Ismael Augusto, o saudoso Dr. David Payne e Fernando Calado a bordo do Uíge, 1968.

Gratidão e Reconhecimento

Já muitas coisas foram ditas e recordadas a respeito da minha estadia na Guiné, mas queria deixar aqui o meu ELOGIO aos Oficiais Superiores que prestaram Serviço de Comando entre 1968-1970, em Bambadinca, Batalhão 2852, Companhia C.C.S., da qual eu também  fazia parte.

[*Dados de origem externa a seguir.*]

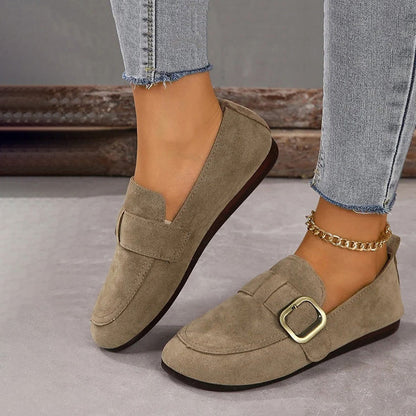 Elarova | Vintage Bequeme Slip-On-Schuhe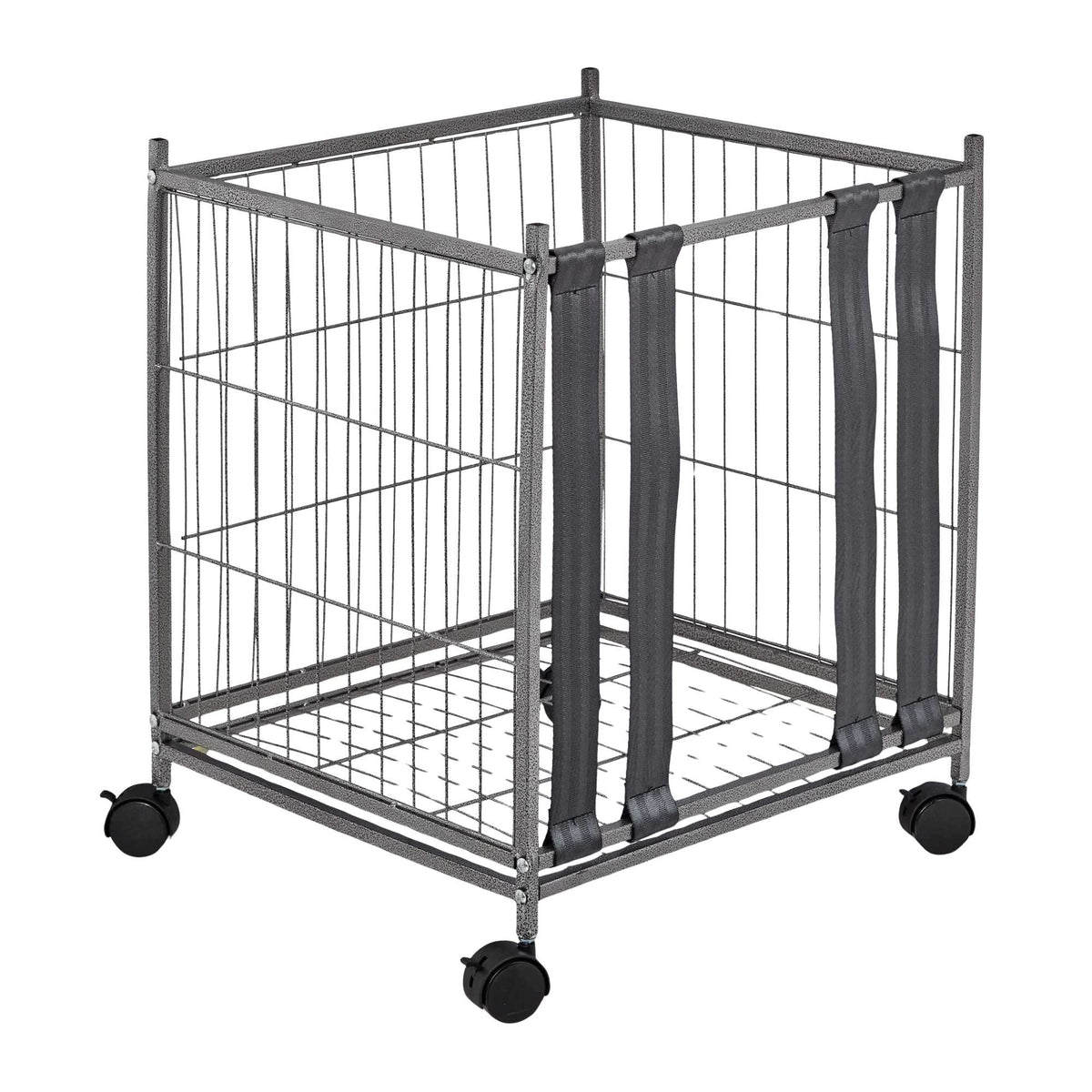 Ball cart made of metal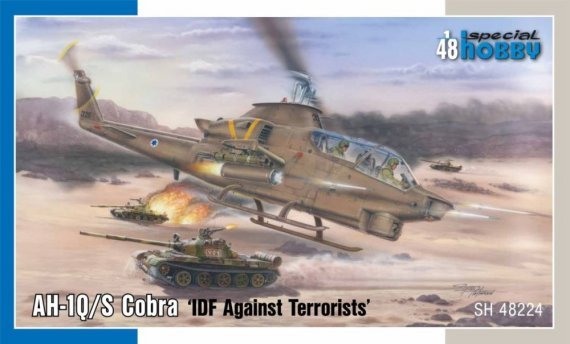 1/48 AH-1Q/S Cobra IDF Against Terrorists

Foram eles os senhores Oficiais:

Tenente Coronel Pimentel Bastos, Tenente Coronel Corte-Real, Major Bispo, Major Pires da Silva, Major Ribeiro, Major Sampaio, Capitão Eugénio Baptista Neves, Capitão Manuel Maria Pontes Figueira e Capitão Portugal.

Presto a minha homenagem a todos eles, principalmente aos que já se não encontram entre nós.

Não me sentiria bem comigo próprio se não deixasse aqui uma palavra de gratidão e um obrigado a todos os oficiais do Comando que, sem excepção, eram amigos dos seus subordinados e da população nativa. Eu sou testemunha disso porque era eu quem lhes cortava o cabelo, assim como a toda a Companhia e não só.

Um abraço a todos em geral. Muita saúde e boa sorte.

O Barbeiro (e Maqueiro)

M. Costa

No bar em Bambadinca – 1969

Em uma Operação na zona da Ponte Inglês (Chime) - Junho 1969

(Na foto: 1.º Cabo Queirós, 1.º Cabo Domingos, Soldado Xerife e Maqueiro M. Costa)                                                                                                                      Numa das poucas saídas como enfermeiro no Poletão 52 (Missirá). Operação na zona da Ponte Inglês (Xime) – Junho 1969

Num Baptizado em Bambadinca – 1969

Rampa da entrada para o Quartel em Bambadinca.

Luta balanta, presenciada por militares destacados para a proteção do reordenamento. Bambadinca, Nhabijões, 1970.

O militar identificado na foto é o 1.º Cabo Enfermeiro Marques da C. C. S., do Batalhão 2852, do qual fizemos parte em Bambandinca – 1968-1970.

Aquartelamento de Babadinca, com a Igreja e a Escola ao fundo – 1970

O Pelotão de Caçadores Nativos 52 em dia de festa, em Missirá. Pressupõem-se que o militar identificado (de costas) seja o Maqueiro Cécio Pinto.